Allison Rittman, CRC
02/28/2008

For a chef, creating a flavorful, fresh tomato sauce is easy. Starting with the best ingredients and following our taste buds made it difficult to go wrong when creating the goldstandard, chef-driven recipe here.

Creating a manufactured version—for Paradise Tomato Kitchens, Louisville, KY—with the same flavor profile as the gold standard was the challenge, and put into play many factors a typical chef never has to consider. All obstacles were overcome by teamwork, using the knowledge and skills of both a food scientist and a research chef. The end result is a truly marketable sauce with fresh tomato and basil flavors.
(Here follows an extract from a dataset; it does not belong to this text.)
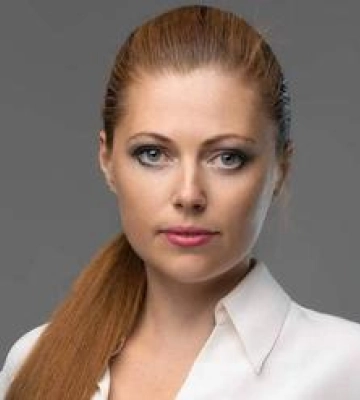 Не пройшло і року: Оксана Лазаренко стала депутаткою Полтавської міської ради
The biggest challenge in re-creating the gold-standard sauce in a manufacturing plant was maintaining the fresh basil flavor. The flavor notes of fresh basil leaves are very volatile, and during the heating in manufacturing, many of these subtle notes are quickly lost. Since fresh basil is not practical for use in a manufacturing plant, as it is very fragile and can be inconsistent in flavor, individually quick-frozen (IQF) basil was chosen as a replacement. Adding basil oleoresin offset flavor loss caused by manufacturing.

Since it is not feasible to chop or mince fresh onion and garlic in a plant, IQF products provided an easy-to-use solution that maintains flavor integrity. They are ready to use, easy to portion and weigh, and retain much of their original flavor due to the freezing technique used during ingredient processing.

To replicate the flavor of fresh tomatoes, we combined two tomato-paste varieties. When manufactured, coldbreak tomato paste has less exposure to heat and results in a bright, fresh-tomato flavor. However, the pectin enzymes are not completely destroyed, and it tends to release water, or cause syneresis, when used alone in a finished sauce.

To solve this, we added a hot-break tomato paste. While it does not offer the bright tomato flavors of cold-break tomato paste, hot-break paste does not cause syneresis, since the additional heat in the production process deactivates the naturally occurring enzymes that break down pectin.

Combining the cold-break with the hot-break tomato paste provided flavor and functionality in the final manufactured sauce. The textures of the two pastes were also carefully selected to replicate the texture and mouthfeel of the gold-standard sauce. The ideal Brix—the measurement of sweetness, based on the concentration of dissolved solids in the solution, typically measured with a refractometer—for the sauce is 12 to 14° Brix.

The product is hot-filled into pouches. It has a pH below 4.6 (4.25 ideal), and therefore is shelf stable.